Montaigne revendique en outre un défaut de mémoire spectaculaire, qui n'est pas sans rapport avec l'écriture des Essais. Une bonne mémoire est la condition nécessaire des ambitieuses carrières courtisanes dont le succès implique l'art du mensonge diplomatique. Condamné à la franchise par la nature qui l'en a totalement privé, Montaigne n'a pas le choix : il doit renoncer à la scène politique et s'essayer, chez lui, à un exercice de sincérité prolongé. Car, si cet amnésique prend la plume, ce n'est pas (comme, dans le Phèdre de Platon, Theuth le propose à Thamous) avec l'intention d'utiliser l'écriture comme un aide-mémoire, c'est au contraire pour pousser à bout ce défaut et en faire vertu. Platon, dans un autre dialogue (le Théétète), compare la mémoire à un morceau de cire sur lequel les perceptions impriment leur marque. Il suffira ici de rappeler l'étymologie (prétendue) de sincérité pour voir quel lien serré associe, chez Montaigne, le projet de se peindre et l'absence de mémoire : sinceritas viendrait en effet de sine cera, « sans cire ». Quand Montaigne veut vraiment se souvenir de quelque chose, il le « donne en garde à quelqu'autre » (II, 17).
Quelle que soit, du reste, la réalité de ce défaut de mémoire (le livre de Montaigne est truffé de milliers de rappels aussi bien personnels qu'historiques ou érudits), il s'agit d'un trait psychologique qui fait système avec l'ensemble des gestes par lesquels l'écriture de Montaigne se définit. L'amnésie (variante du scepticisme à cet égard) est impliquée dans le projet d'une écriture aristocratique, qui permettrait de distinguer, à la lecture, les têtes bien faites et les têtes bien pleines. Car la vénalité est, en dernière instance, la cible qu'attaque la pédagogie négative de Montaigne, cet apprentissage du non-savoir qui tient à se démarquer de l'étalage pédantesque auquel s'abaissent ceux qui vivent de leur plume. Écrire noblement exclut le projet roturier d'en faire un métier. Une écriture honorable doit être oisive et sans profit.

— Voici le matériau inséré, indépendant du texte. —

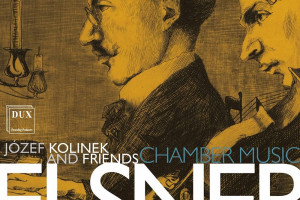 Józef Elsner Chamber Music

Conformément au programme des Essais, la pédagogie de Montaigne – qui vise à former « non un grammairien ou logicien, mais un gentilhomme » (I, 26) – déprécie tout ce qui concerne l'ameublement de la mémoire, faculté acquise, et valorise tout ce qui aide à exercer le jugement, faculté naturelle. Car la science reste extérieure à l'esprit qui s'en remplit la mémoire. Le scepticisme de Montaigne, en ce sens, n'est pas seulement un doute par lequel il suspend son adhésion à tel ou tel énoncé philosophique (et même à leur totalité), par cette suspension même il produit le « je » comme sujet de la phrase : « je ne sais pas ».